平塚市西部を流れる金目川は、河口付近では花水川と呼ばれます。その河床に露頭(地層が露出しているポイント)があるとの情報をいただき、調査に行ってきました。
非常に水位が低かったこの日、川底にはわずかに岩場が見えていました。近づいてみるとまるで泥山のようですが・・・
ハンマーで表面を叩いてみると、中は鮮やかな緑色!
溶岩のかけらや軽石など、火山噴出物が海底に堆積して押し固められてできた火山砕せつ岩の地層でした。同様の岩石は高麗山から千畳敷山(湘南平)周辺にも分布し、高麗山層群(約1800~1200万年前)と呼ばれています。
緑色なのは、岩石をなす火山ガラスなどが熱や圧力で変質して微小な緑色の鉱物になってしまったためと考えられます。
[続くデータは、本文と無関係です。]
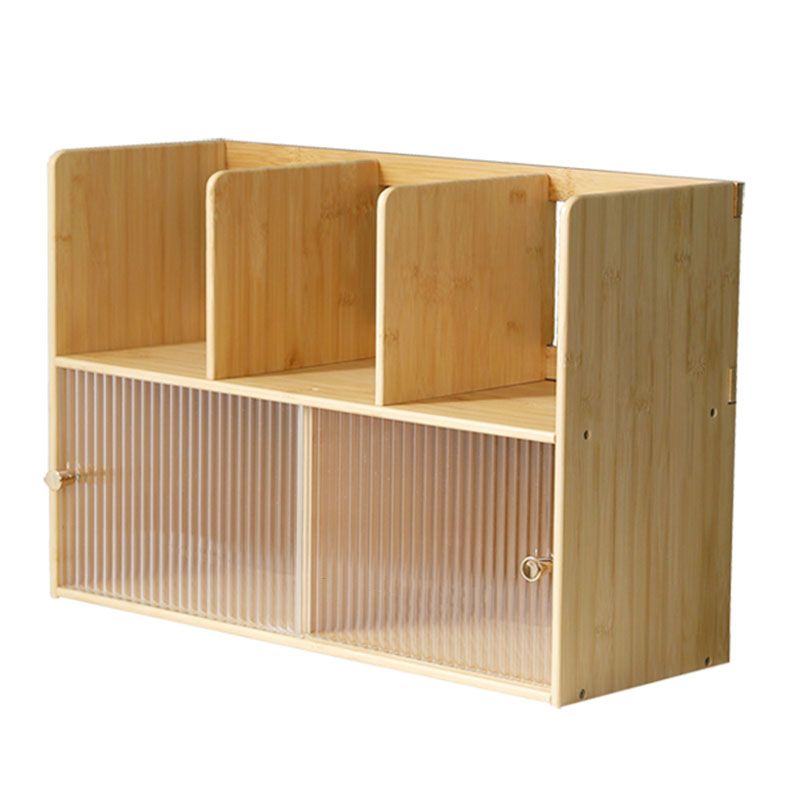 Contemporary Closed Back Bamboo Bookshelf Glass Bookcase for Home and Office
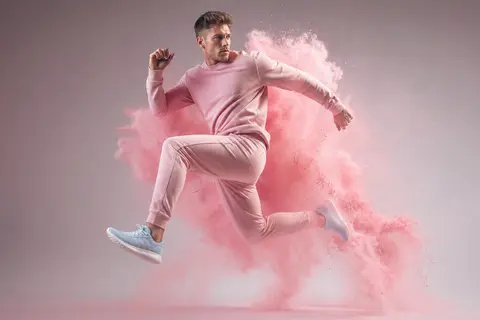 A hyper-realistic studio photograph of a male athlete mid-air as if running or j - AI生成图片 3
このような鮮やかな色は風化によって失われてしまいますが、この露頭は川底であったために風化が弱く、非常に新鮮なのが特徴的でした。
高麗山層群は1000万年前以上の海底に堆積した堆積物が、プレート境界で本州側に付加した付加体だと考えられていますが、詳しいことはまだ十分明らかにされていません。
博物館ではこれらの地層の調査を、市民の皆さんとともに進め、平塚周辺の大地がどのようにしてできたかを少しずつ明らかにしています。